The maintenance of fixed charge coverage ratio provides that commencing with the
fiscal year ending December 31, 2020, that the Company will not permit the Fixed
Charge Coverage Ratio (as defined in the Secured Indenture) calculated as of the
last day of each fiscal year of the Company to be less than 1.00 to 1.00 or that
the Company's "HC2 Corporate Overhead" (as defined in the Secured Indenture) in
any fiscal year not exceed the sum of $29.0 million for such fiscal year. As of
September 30, 2020, the Company was in compliance.

The instruments governing the Company's Preferred Stock also limit the Company's
and its subsidiaries ability to take certain actions, including, among other
things, to incur additional indebtedness; issue additional Preferred Stock;
engage in transactions with affiliates; and make certain restricted payments.
These limitations are subject to a number of important exceptions and
qualifications.

The Company intends to conduct its operations in a manner that will result in
continued compliance with the Secured Indenture; however, compliance with
certain financial covenants for future periods may depend on the Company or one
or more of the Company's subsidiaries undertaking one or more non-operational
transactions, such as the management of operating cash outflows, a monetization
of assets, a debt incurrence or refinancing, the raising of equity capital, or
similar transactions.

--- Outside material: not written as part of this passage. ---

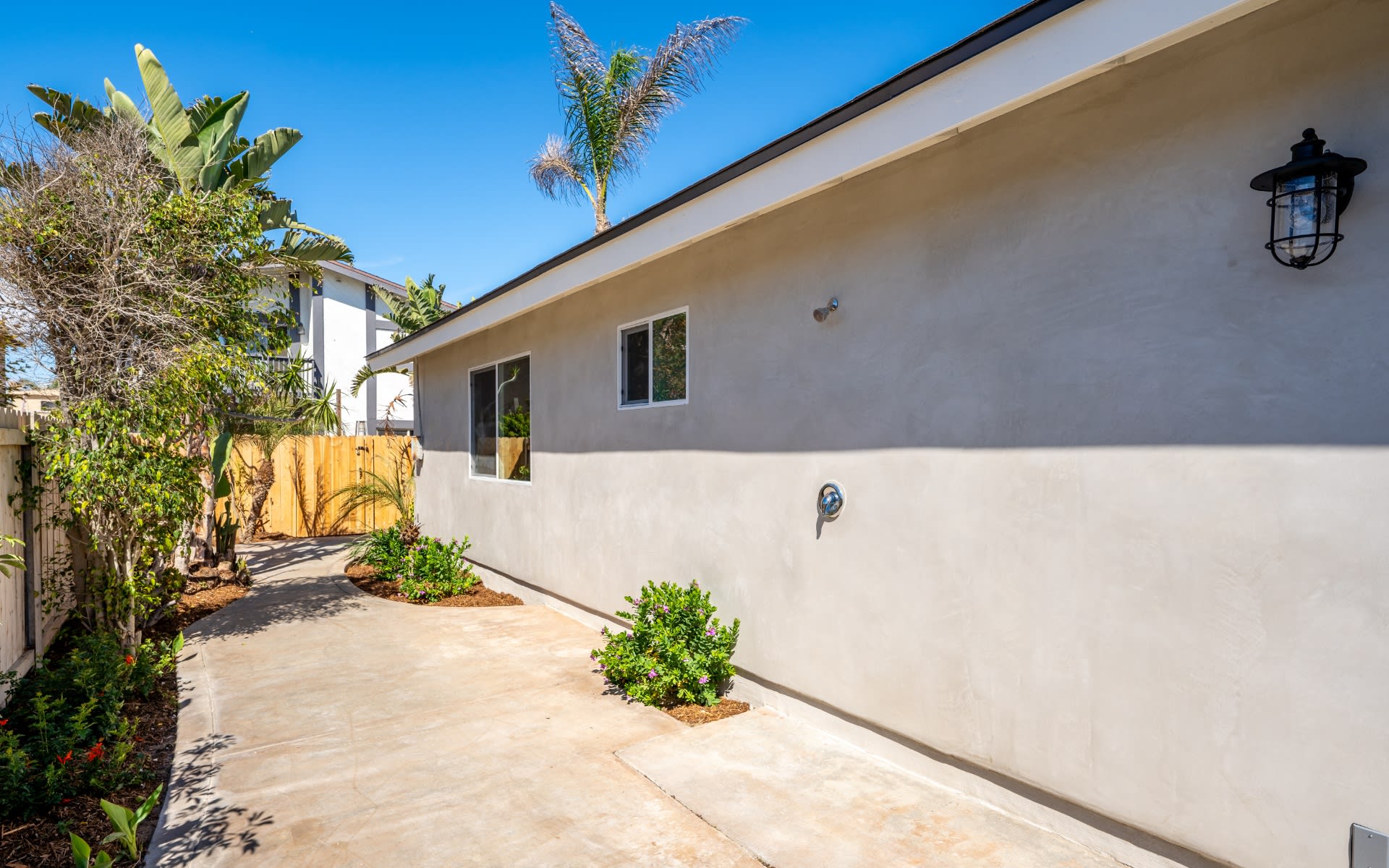 5015 Coral Way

If the Company is unable to remain in compliance and does
not make alternate arrangements, an event of default would occur under the
Company's Secured Indenture which, among other remedies, could result in the
outstanding obligations under the indenture becoming immediately due and payable
and permitting the exercise of remedies with respect to the collateral. There is
no assurance the Company will be able to complete any non-operational
transaction it may undertake to maintain compliance with covenants under the
Secured Indenture or, even if the Company completes any such transaction, that
it will be able to maintain compliance for any subsequent period.